## Instructions for the task
Please repeat, exactly as written, the line containing "This will add a paragraph to your PDF file." and every line after it through the end of the records below, leaving out any pictures.

## Records for this task
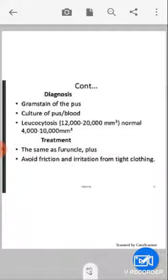Diagnosis is the same as for furunculosis: gram stain of the pus, culture of the pus, and leucocytosis. During infection, WBC (leucocytes) increase above the normal range of 4,000–10,000 mm³, and with carbuncle it can rise to 12,000–20,000 mm³.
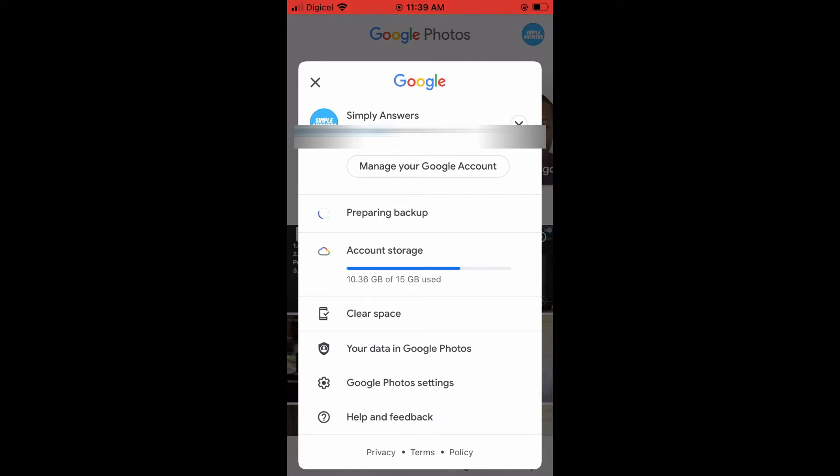And then you want to also come into your iPhone, and you want to turn on backup also. By doing this, all of the photos and videos that were on your Android device will automatically be backed up to your iPhone.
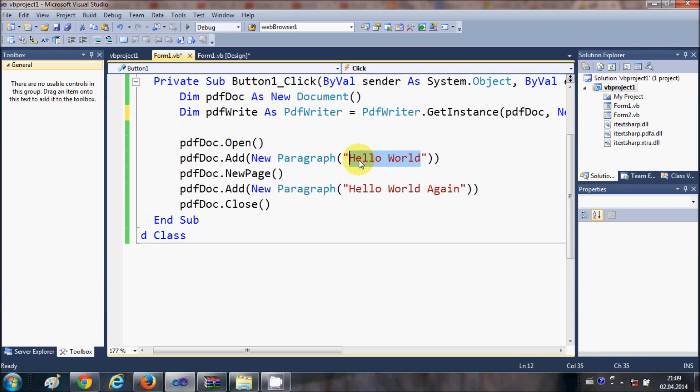This will add a paragraph to your PDF file.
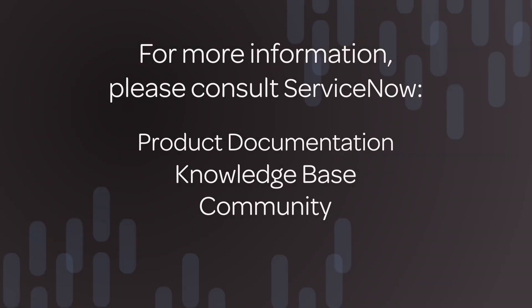For more information, please consult our product documentation or knowledge base, or ask a question in the ServiceNow community.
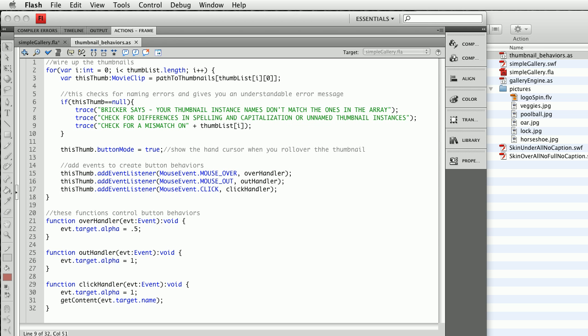If you're happy with the thumbnail behaviors, the way things act on rollover, then you won't need to touch this, but there is an ActionScript file here called thumbnailbehaviors.as, which is embedded in the gallery engine script, and I've tried to make it easy for you to modify those behaviors.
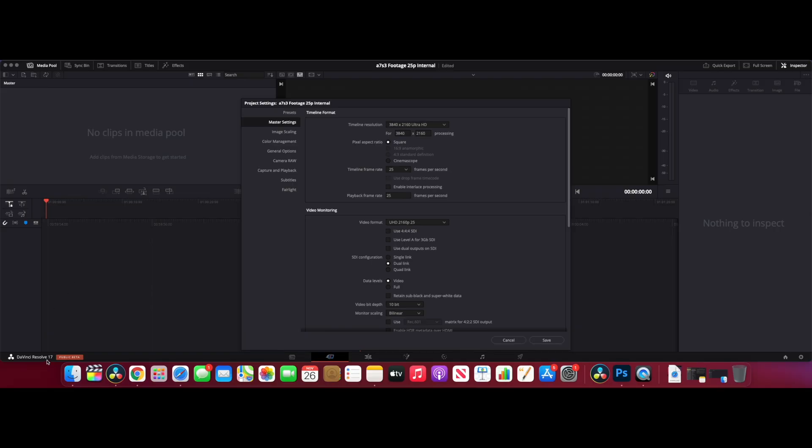Okay, so we're in the edit suite using DaVinci Resolve 17. My friend gave me some A7S III footage earlier today, so that's what we're going to be using for this. He shot it in 10-bit 422 H265 4K at 100 frames per second.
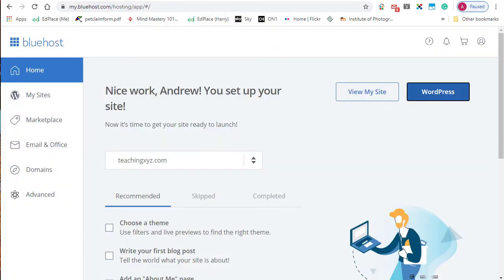However, if you want to log into your Bluehost portal first and then click on WordPress for your site, you can do that as well. These are two different ways to log in. I prefer one way, you may prefer the other way.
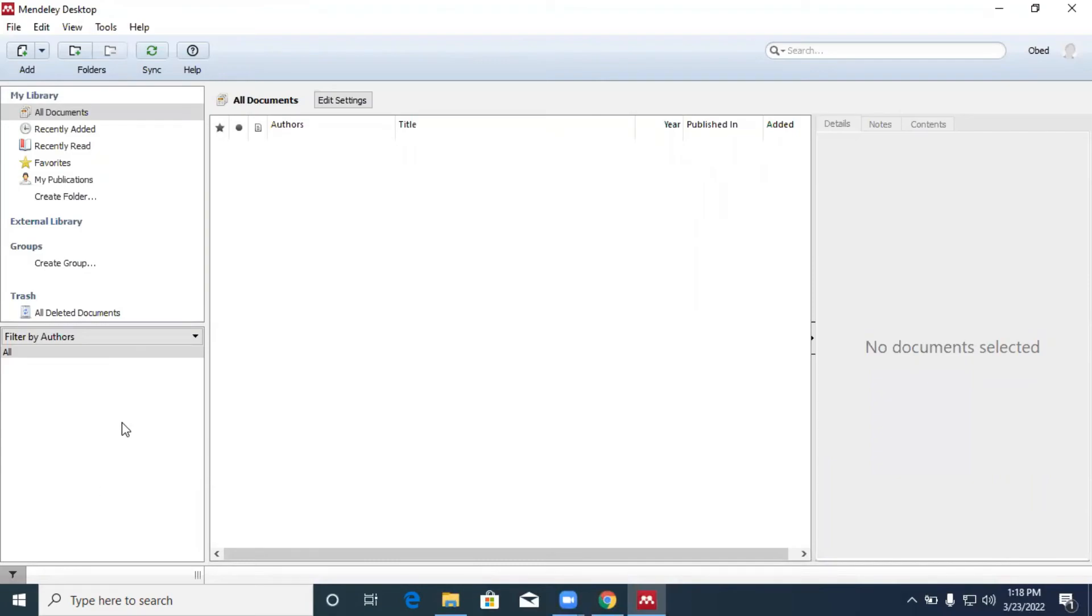This side will contain some information that you need for your references. This side will also, you see some of the authors' names over here. There are a lot that will be covered. Basically in this tutorial, we are just taking you through how you can install Mendeley desktop and how you can also install its plugin.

## Solution for this task
This will add a paragraph to your PDF file.
For more information, please consult our product documentation or knowledge base, or ask a question in the ServiceNow community.
If you're happy with the thumbnail behaviors, the way things act on rollover, then you won't need to touch this, but there is an ActionScript file here called thumbnailbehaviors.as, which is embedded in the gallery engine script, and I've tried to make it easy for you to modify those behaviors.
Okay, so we're in the edit suite using DaVinci Resolve 17. My friend gave me some A7S III footage earlier today, so that's what we're going to be using for this. He shot it in 10-bit 422 H265 4K at 100 frames per second.
However, if you want to log into your Bluehost portal first and then click on WordPress for your site, you can do that as well. These are two different ways to log in. I prefer one way, you may prefer the other way.
This side will contain some information that you need for your references. This side will also, you see some of the authors' names over here. There are a lot that will be covered. Basically in this tutorial, we are just taking you through how you can install Mendeley desktop and how you can also install its plugin.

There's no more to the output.